One cannot think Parmenides saying in a modern way such as Schopenhauer’s in his World as Will and Representation i.e. “representation and Being are the same” that the world is merely our representation and that it “is” nothing in itself and for itself. Nor can it be thought in Bishop Berkeley’s esse est percipi which denies any reality to beings outside ourselves without our perceiving them or as upheld in their presence through the perceptions of God. Rather, the saying means that Being (Life) is only where perceiving is and perceiving is only where beings/things are. What yokes together being and perceiving is what we conceive as “truth”.

For the Greeks this yoking is called nous: the thinking that we associate with Reason which is the enjoinment of thought to beings/things. This enjoining relation was called logos by the Greeks and it expresses how things are addressed: katagorein (the categories). The schemata of the categories (quality, quantity, relation, etc.) is how beings/things are addressed, the form into which we address something as something. This is what is understood as species: that from which and in return to which beings/things are: what they are made of, how large/small, how they are related to other beings/things. Perceiving things as such unfolds in thinking and thinking expresses itself in the assertion, in the logos.

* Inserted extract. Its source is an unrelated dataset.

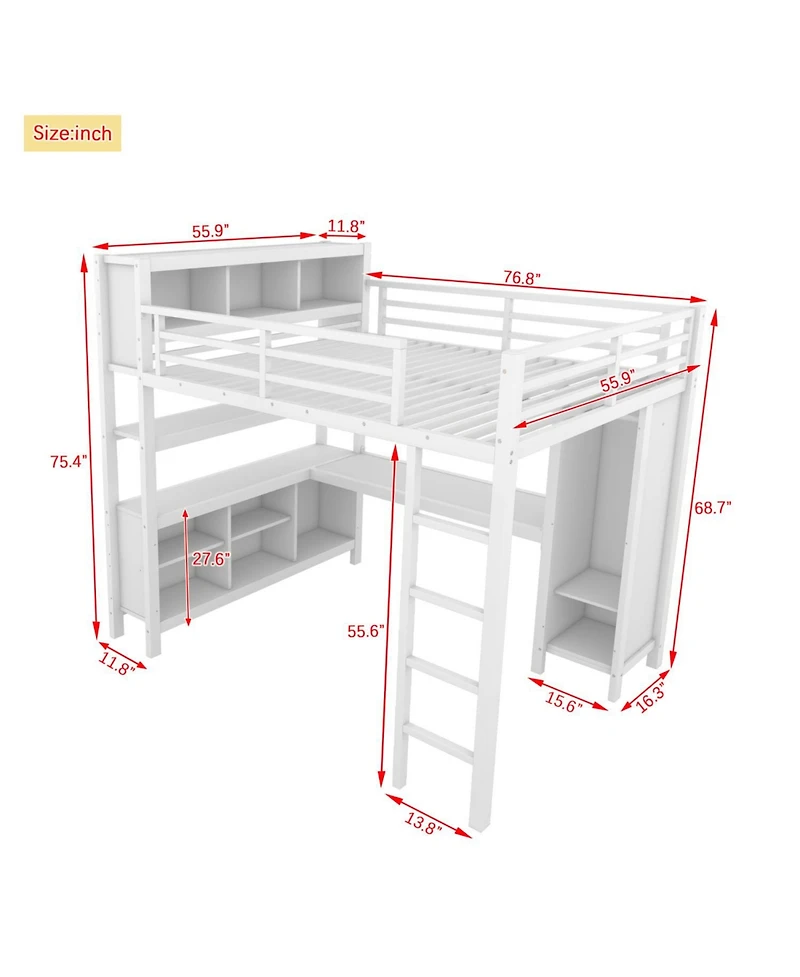 Streamdale Furniture White Metal Loft Bed with Wardrobe, Desk & Storage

Western metaphysics determines things/beings in advance as what is conceivable and definable i.e. what is not “imaginary” or “fantastical”. “Common sense” and metaphysical thinking rest on the “trust” that beings/things show themselves in the thinking of reason and its categories: that what is true and truth are grasped and secured in reason. This has been called the principle of reason. Nietzsche states: “Trust in reason and its categories, in dialectic (Hegel), thus the value estimation of logic, proves only their usefulness for life, proved by experience—not their ‘truth’”.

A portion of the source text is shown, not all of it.